7. “Indeed, half of the HLA alleles of modern Eurasians represent archaic HLA haplotypes, and have been inferred to be of Denisovan or Neanderthal origin. The apparent over-representation of these alleles suggests a positive selective pressure for their retention in the human population.”
They constitute of an incredible amount of new findings.
In another supposedly major advance, Michael F. Hammer’s group reported about extremely ancient humans living in Africa.
An African American Paternal Lineage Adds an Extremely Ancient Root to the Human Y Chromosome Phylogenetic Tree
Reported elsewhere on the same paper -
“Our analysis indicates this lineage diverged from previously known Y chromosomes about 300,000 ago, a time when anatomically modern humans had not yet evolved,” said senior study author Prof Michael Hammer of the University of Arizona. “This pushes back the time the last common Y chromosome ancestor lived by almost 70 percent.”
“The most striking feature of this research is that a consumer genetic testing company identified a lineage that didn’t fit anywhere on the existing Y chromosome tree, even though the tree had been constructed based on perhaps a half-million individuals or more. Nobody expected to find anything like this.”
About 300,000 years ago falls around the time the Neanderthals are believed to have split from the ancestral human lineage. It was not until more than 100,000 years later that anatomically modern humans appear in the fossil record. They differ from the more archaic forms by a more lightly built skeleton, a smaller face tucked under a high forehead, the absence of a cranial ridge and smaller chins.
These are definitely the most exciting times to live in, or are they? Readers should keep in mind that the African study came from only one individual, whereas Denisovan findings are based on one toe, one finger bone and two teeth, nothing more. That is all that scientists have found from ancient Denisovans so far (h/t: @dangraur).
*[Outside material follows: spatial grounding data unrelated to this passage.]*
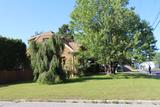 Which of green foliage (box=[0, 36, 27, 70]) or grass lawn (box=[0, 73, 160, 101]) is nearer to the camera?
grass lawn (box=[0, 73, 160, 101])

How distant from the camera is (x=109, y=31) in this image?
133ft

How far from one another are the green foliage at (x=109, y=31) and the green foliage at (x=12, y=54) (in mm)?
7621

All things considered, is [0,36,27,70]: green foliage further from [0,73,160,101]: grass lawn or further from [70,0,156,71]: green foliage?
[0,73,160,101]: grass lawn

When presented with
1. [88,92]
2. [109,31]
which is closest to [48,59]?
[88,92]

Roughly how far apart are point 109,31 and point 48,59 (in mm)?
12977

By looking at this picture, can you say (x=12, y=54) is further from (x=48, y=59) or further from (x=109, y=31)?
(x=109, y=31)

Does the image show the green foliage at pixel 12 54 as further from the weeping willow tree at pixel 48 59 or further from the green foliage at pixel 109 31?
the green foliage at pixel 109 31

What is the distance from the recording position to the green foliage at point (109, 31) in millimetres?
40062

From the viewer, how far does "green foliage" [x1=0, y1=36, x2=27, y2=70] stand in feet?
116

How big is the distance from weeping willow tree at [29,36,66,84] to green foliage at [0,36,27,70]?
231 inches

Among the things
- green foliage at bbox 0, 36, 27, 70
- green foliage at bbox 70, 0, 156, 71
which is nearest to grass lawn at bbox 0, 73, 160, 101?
green foliage at bbox 0, 36, 27, 70

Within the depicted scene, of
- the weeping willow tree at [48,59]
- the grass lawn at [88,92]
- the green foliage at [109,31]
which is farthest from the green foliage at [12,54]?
the grass lawn at [88,92]

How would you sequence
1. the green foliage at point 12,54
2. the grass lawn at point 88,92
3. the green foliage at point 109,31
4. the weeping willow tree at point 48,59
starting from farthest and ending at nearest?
the green foliage at point 109,31 < the green foliage at point 12,54 < the weeping willow tree at point 48,59 < the grass lawn at point 88,92

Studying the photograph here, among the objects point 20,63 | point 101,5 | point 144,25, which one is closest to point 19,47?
point 20,63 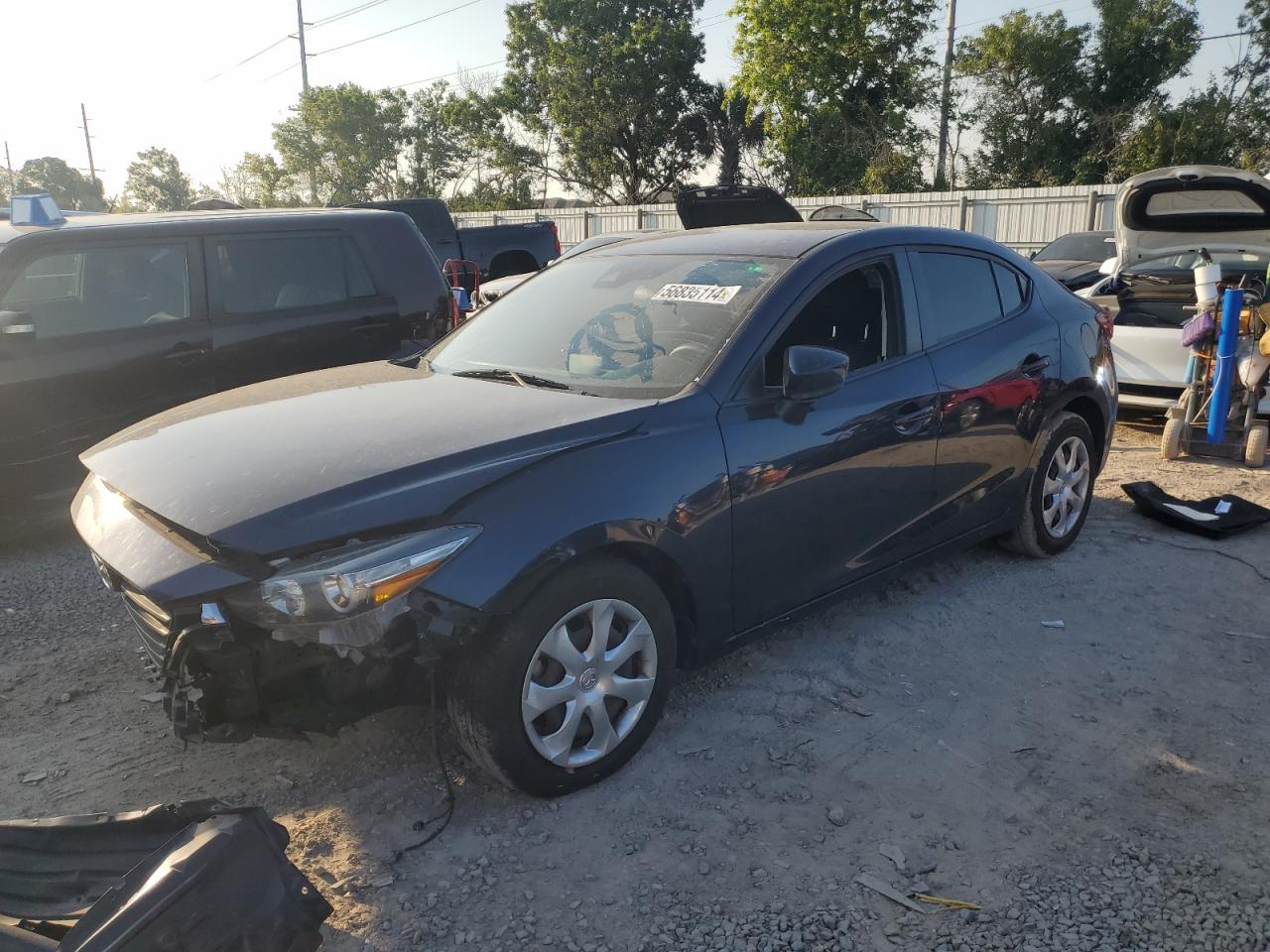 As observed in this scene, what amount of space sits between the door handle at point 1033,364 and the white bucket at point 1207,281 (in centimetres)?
304

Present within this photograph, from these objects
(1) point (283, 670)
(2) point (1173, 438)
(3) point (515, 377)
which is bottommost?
(2) point (1173, 438)

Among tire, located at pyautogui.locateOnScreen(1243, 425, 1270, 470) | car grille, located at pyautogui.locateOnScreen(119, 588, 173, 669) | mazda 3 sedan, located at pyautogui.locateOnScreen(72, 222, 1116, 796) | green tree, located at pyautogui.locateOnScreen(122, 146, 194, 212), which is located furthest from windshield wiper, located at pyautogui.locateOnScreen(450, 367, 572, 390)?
green tree, located at pyautogui.locateOnScreen(122, 146, 194, 212)

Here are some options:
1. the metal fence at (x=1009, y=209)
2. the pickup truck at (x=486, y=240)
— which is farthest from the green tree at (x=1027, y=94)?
the pickup truck at (x=486, y=240)

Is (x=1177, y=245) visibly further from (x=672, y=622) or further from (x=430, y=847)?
Answer: (x=430, y=847)

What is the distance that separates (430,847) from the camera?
2.68 metres

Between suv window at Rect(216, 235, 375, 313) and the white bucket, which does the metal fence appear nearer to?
the white bucket

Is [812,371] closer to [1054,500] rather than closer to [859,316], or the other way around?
[859,316]

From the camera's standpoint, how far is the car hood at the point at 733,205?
10.1m

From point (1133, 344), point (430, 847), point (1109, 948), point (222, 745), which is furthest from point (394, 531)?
point (1133, 344)

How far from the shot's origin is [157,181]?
58.3 metres

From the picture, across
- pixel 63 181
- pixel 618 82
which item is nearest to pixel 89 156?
pixel 63 181

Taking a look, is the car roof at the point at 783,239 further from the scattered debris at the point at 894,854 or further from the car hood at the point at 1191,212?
the car hood at the point at 1191,212

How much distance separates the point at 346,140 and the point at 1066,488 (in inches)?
1784

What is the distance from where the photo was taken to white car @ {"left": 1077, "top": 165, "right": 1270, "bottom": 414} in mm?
6973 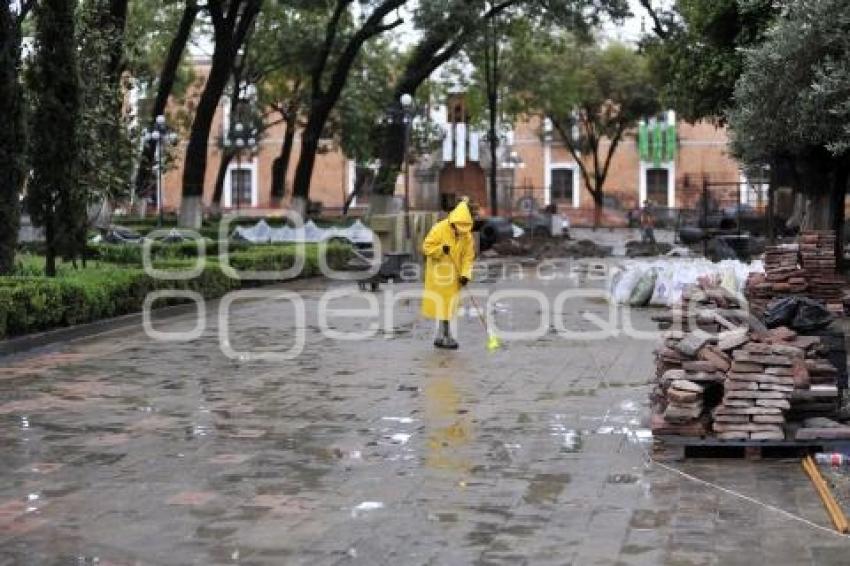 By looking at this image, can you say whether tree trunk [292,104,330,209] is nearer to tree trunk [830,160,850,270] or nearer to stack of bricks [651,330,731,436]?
tree trunk [830,160,850,270]

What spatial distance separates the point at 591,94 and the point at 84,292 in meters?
39.9

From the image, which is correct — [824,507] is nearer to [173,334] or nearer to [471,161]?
[173,334]

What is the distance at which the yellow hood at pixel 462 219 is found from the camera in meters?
12.6

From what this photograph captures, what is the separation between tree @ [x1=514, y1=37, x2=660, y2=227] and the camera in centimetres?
4891

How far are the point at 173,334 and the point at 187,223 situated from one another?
14.3 m

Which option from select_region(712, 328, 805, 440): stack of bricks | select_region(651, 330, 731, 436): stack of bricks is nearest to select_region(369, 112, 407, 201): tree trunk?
select_region(651, 330, 731, 436): stack of bricks

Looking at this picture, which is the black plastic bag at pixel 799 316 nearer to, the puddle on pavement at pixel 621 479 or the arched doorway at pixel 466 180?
the puddle on pavement at pixel 621 479

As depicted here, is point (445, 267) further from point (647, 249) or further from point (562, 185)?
point (562, 185)

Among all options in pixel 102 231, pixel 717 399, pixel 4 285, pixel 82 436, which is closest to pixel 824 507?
pixel 717 399

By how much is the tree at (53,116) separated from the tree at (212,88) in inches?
435

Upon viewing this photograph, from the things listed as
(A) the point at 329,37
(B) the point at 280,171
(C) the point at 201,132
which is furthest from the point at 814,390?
(B) the point at 280,171

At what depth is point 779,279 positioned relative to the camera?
36.6ft

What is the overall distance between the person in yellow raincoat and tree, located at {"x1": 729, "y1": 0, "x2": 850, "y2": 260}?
358 centimetres

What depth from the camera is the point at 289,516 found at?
19.5ft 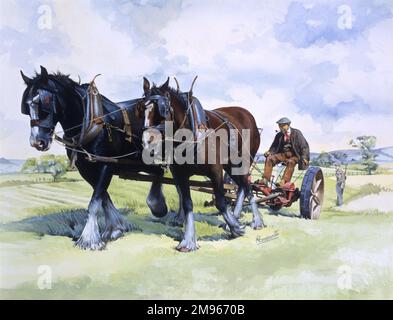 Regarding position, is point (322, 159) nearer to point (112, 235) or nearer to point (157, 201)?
point (157, 201)

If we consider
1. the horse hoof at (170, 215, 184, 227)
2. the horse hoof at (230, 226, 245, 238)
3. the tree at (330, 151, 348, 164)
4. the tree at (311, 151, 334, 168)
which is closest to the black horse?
the horse hoof at (170, 215, 184, 227)

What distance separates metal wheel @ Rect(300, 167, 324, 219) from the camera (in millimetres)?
5691

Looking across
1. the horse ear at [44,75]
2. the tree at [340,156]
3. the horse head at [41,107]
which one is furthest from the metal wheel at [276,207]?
the horse ear at [44,75]

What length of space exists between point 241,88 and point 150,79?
101 cm

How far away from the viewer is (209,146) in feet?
17.0

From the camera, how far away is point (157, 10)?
5598mm

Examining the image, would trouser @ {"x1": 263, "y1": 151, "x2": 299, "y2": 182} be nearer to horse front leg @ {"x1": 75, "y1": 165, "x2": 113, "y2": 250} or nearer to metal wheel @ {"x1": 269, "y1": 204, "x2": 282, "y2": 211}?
metal wheel @ {"x1": 269, "y1": 204, "x2": 282, "y2": 211}

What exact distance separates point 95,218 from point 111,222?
32 centimetres

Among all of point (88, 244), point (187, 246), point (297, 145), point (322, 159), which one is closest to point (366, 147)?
point (322, 159)

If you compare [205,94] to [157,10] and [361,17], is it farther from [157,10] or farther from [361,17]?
[361,17]

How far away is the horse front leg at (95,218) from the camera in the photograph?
507cm

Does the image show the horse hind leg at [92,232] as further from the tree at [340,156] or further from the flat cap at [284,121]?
the tree at [340,156]
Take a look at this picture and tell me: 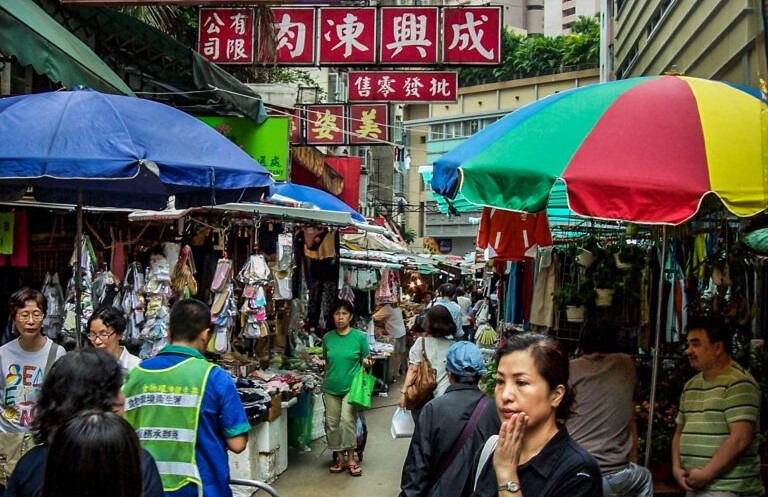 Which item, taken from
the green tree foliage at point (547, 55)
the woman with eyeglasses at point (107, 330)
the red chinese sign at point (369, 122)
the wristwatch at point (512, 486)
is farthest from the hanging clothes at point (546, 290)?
the green tree foliage at point (547, 55)

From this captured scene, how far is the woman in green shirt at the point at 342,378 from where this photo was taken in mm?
9070

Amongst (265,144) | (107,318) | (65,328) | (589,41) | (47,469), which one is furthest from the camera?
(589,41)

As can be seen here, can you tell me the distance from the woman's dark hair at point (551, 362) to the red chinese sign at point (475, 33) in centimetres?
906

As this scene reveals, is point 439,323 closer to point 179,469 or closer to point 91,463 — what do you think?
point 179,469

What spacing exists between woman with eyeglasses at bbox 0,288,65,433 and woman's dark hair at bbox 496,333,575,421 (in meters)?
3.30

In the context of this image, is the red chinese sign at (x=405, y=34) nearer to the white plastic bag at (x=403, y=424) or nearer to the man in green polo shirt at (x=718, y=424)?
the white plastic bag at (x=403, y=424)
Denisova hominins /dəˈniːsəvə/, or Denisovans, are Paleolithic-era members of a species of Homo or subspecies of Homo sapiens. In March 2010, scientists announced the discovery of a finger bone fragment of a juvenile female who lived about 41,000 years ago, found in the remote Denisova Cave in the Altai Mountains in Siberia, a cave which has also been inhabited by Neanderthals and modern humans. Two teeth and a toe bone belonging to different members of the same population have since been reported.
One thing for sure, humans have an insatiable hunger for knowing how ancient humans looked and lived like, and scientists have immense ability to feed them.